--- WHAT YOU HAVE TO DO ---
Work through the listing below and give again exactly the lines from the one with "Mrt in (@martin360n) Twitter profile photo Mrt" to the one with "SeeU - WAVEFILE", both ends included. All other lines and all pictures stay out.

--- DATA SECTION ---
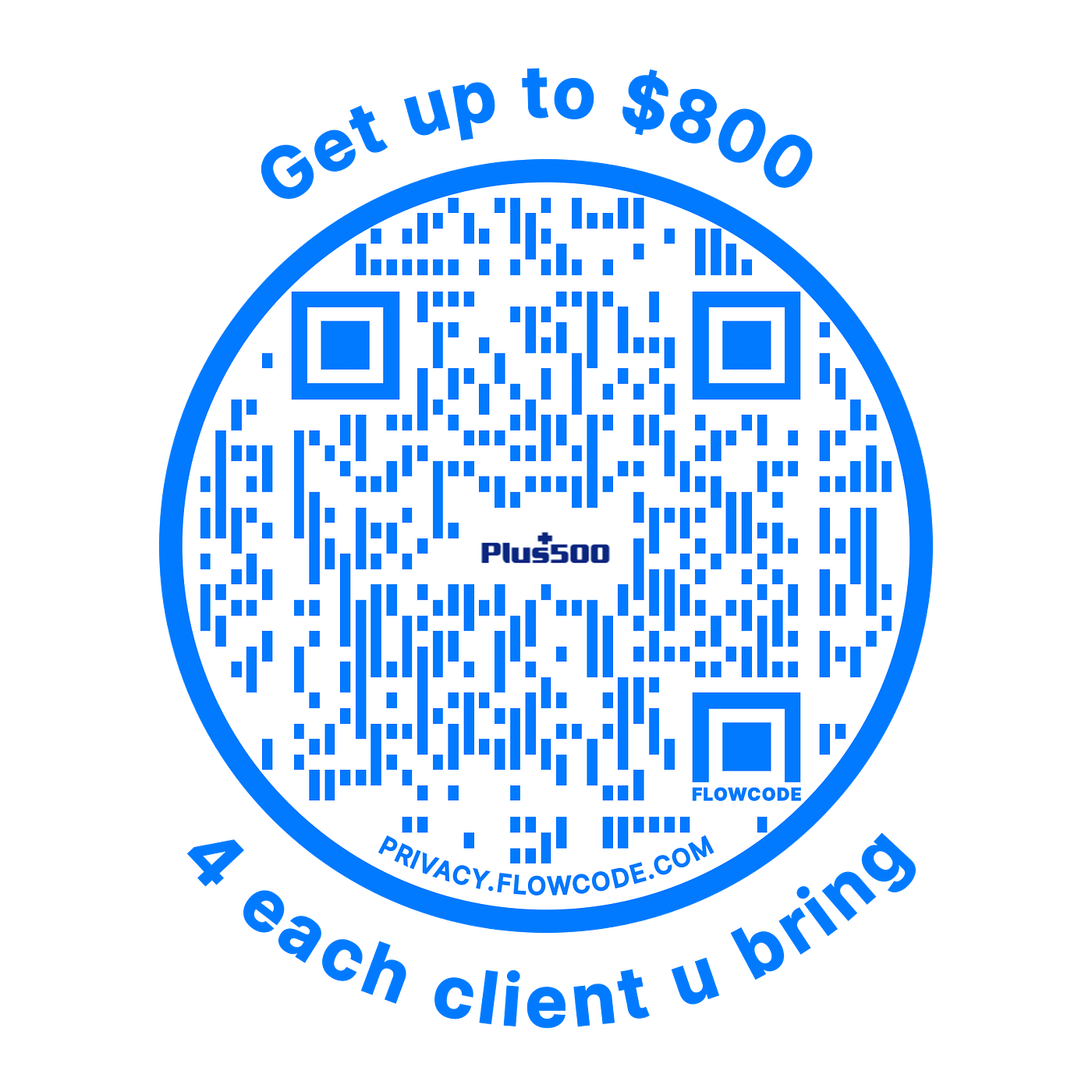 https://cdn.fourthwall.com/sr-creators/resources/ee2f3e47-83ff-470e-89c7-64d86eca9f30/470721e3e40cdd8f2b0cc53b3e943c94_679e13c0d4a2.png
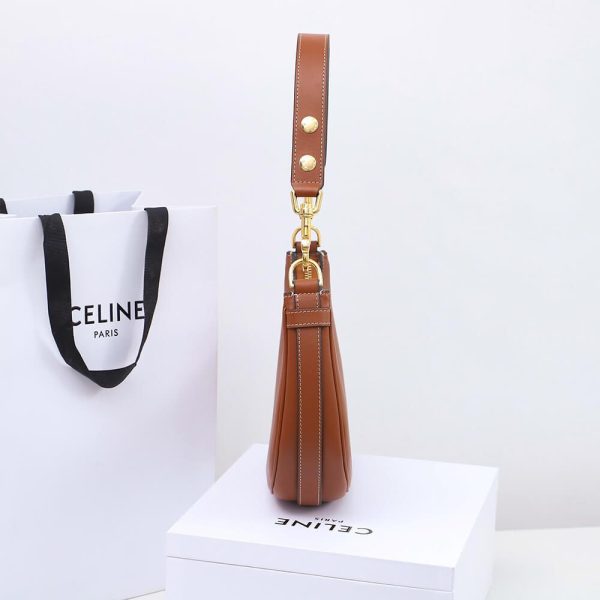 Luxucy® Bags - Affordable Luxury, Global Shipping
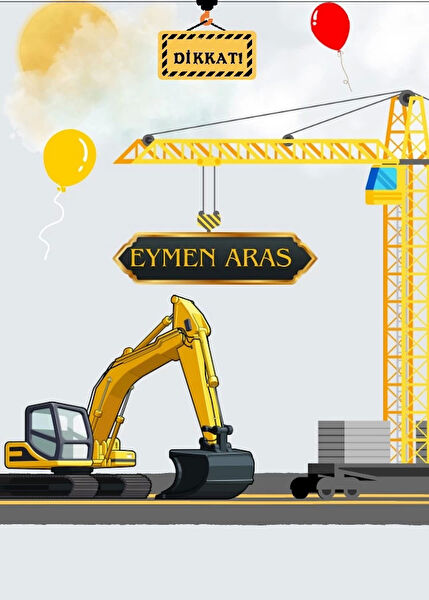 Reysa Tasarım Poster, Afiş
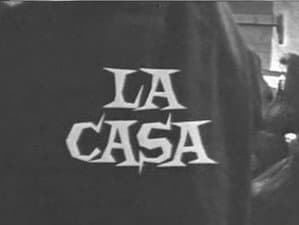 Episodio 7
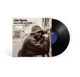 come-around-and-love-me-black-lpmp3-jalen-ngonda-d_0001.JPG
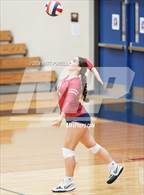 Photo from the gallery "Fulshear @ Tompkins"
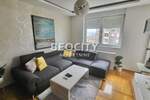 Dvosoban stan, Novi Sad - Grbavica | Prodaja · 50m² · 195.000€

==

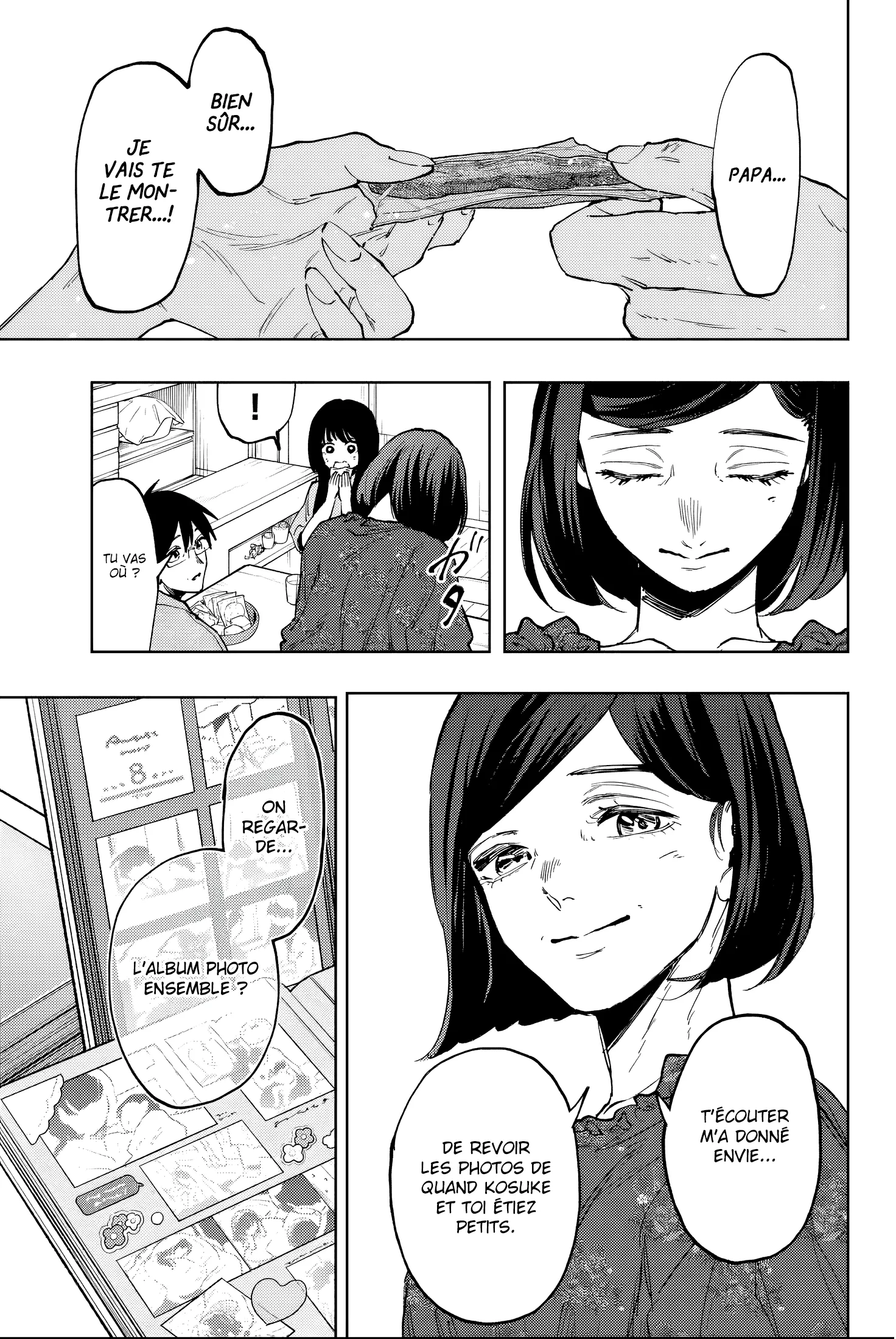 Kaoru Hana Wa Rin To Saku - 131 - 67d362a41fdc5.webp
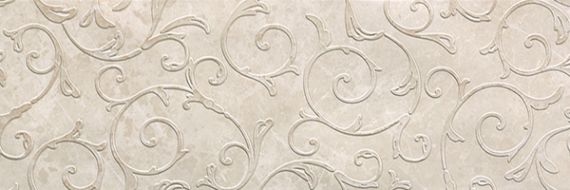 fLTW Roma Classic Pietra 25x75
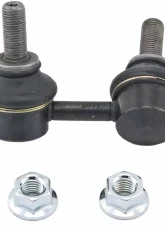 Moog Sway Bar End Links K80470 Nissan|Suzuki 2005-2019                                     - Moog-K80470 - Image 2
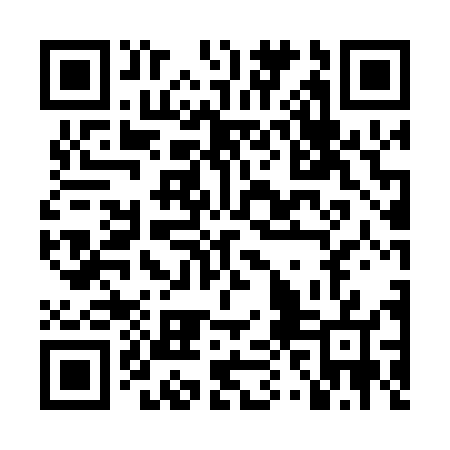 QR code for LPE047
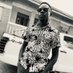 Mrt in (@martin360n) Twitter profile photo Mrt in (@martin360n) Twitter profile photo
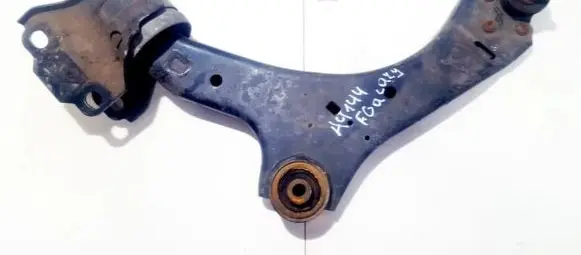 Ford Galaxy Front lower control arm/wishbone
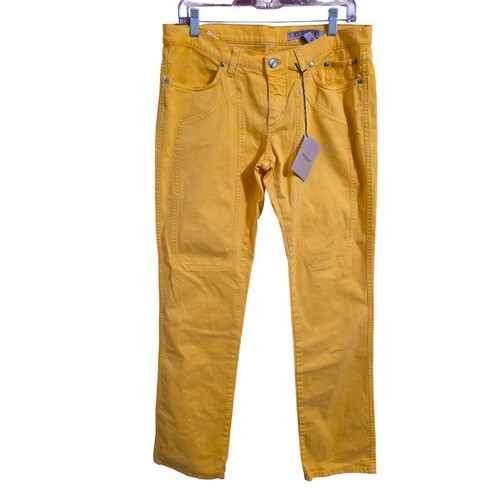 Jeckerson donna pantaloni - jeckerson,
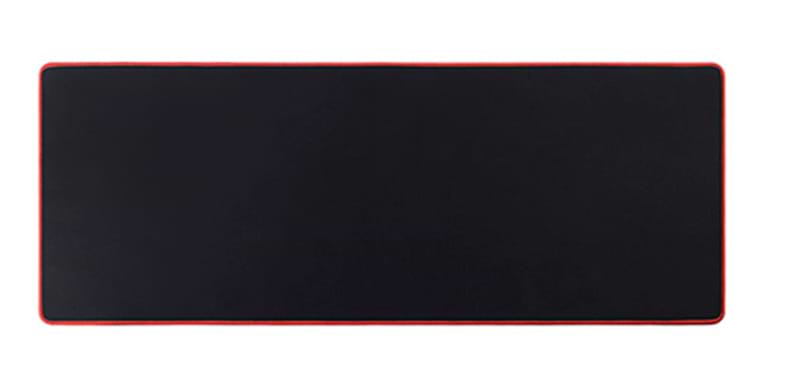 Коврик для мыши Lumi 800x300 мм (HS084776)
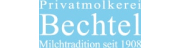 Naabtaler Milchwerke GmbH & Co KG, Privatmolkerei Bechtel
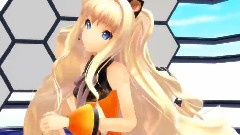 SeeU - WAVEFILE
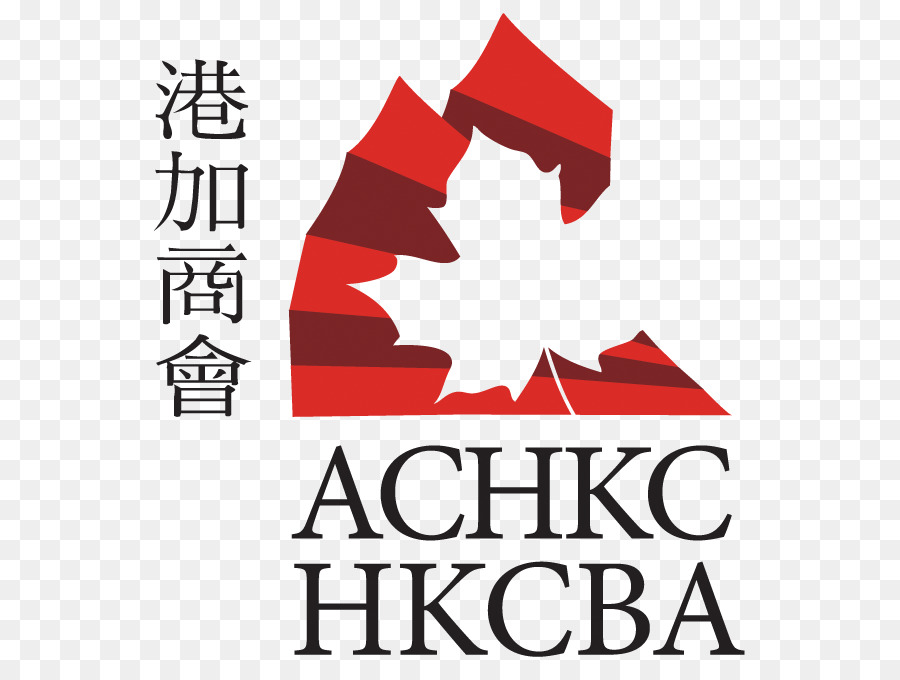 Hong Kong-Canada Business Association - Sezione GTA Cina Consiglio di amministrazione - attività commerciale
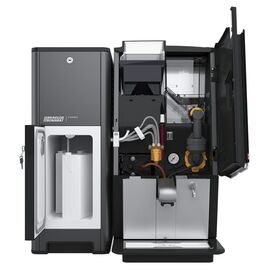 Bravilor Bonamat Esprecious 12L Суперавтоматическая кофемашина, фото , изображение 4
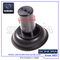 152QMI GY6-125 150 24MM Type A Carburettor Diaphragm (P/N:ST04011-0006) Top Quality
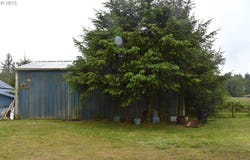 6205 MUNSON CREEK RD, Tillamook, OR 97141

---

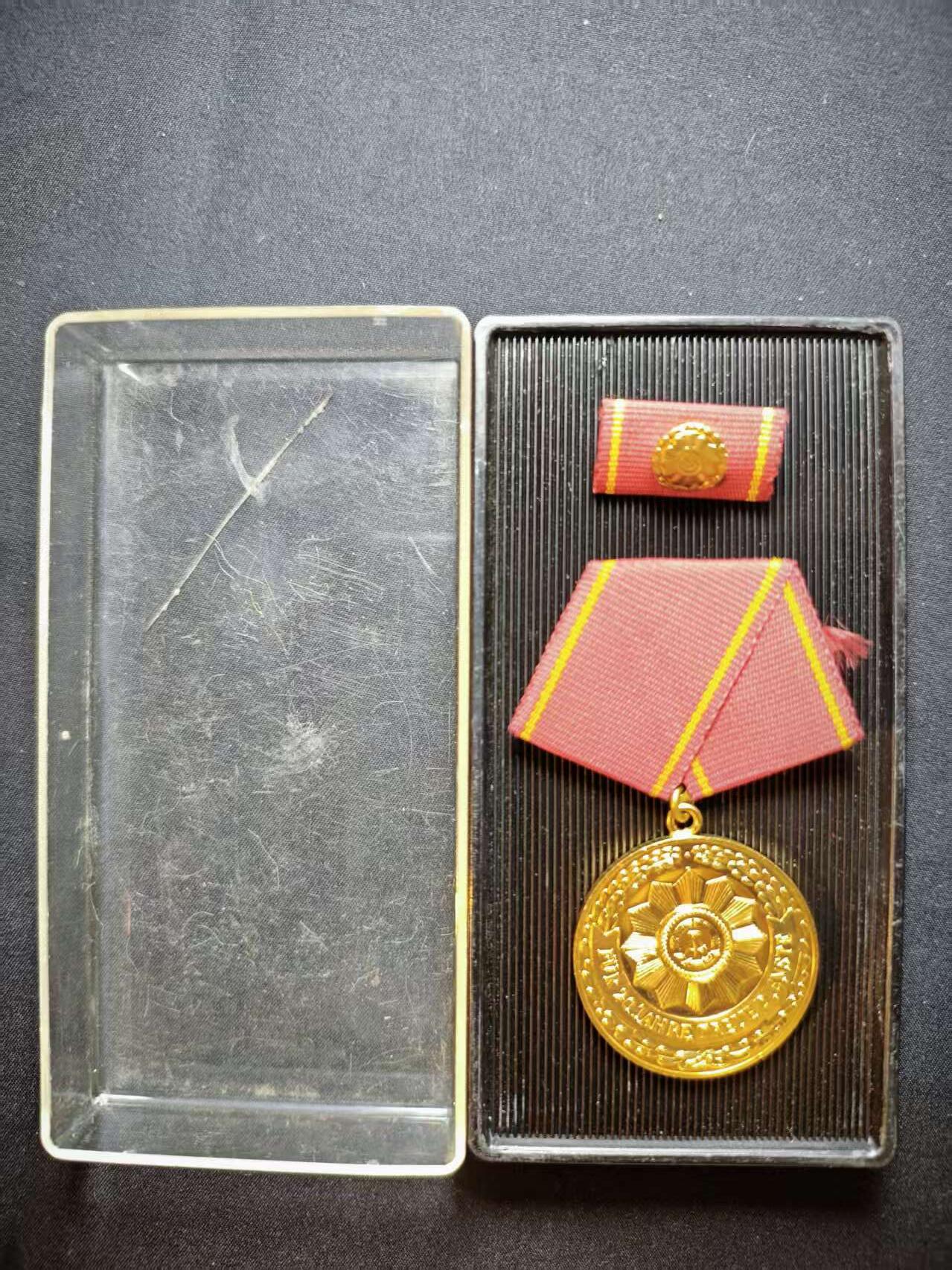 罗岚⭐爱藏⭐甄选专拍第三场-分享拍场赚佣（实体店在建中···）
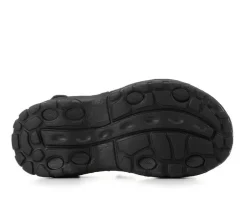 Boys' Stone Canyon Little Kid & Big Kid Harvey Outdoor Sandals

--- ANSWER TO THE EXERCISE ---
 Mrt in (@martin360n) Twitter profile photo Mrt in (@martin360n) Twitter profile photo
 Ford Galaxy Front lower control arm/wishbone
 Jeckerson donna pantaloni - jeckerson,
 Коврик для мыши Lumi 800x300 мм (HS084776)
 Naabtaler Milchwerke GmbH & Co KG, Privatmolkerei Bechtel
 SeeU - WAVEFILE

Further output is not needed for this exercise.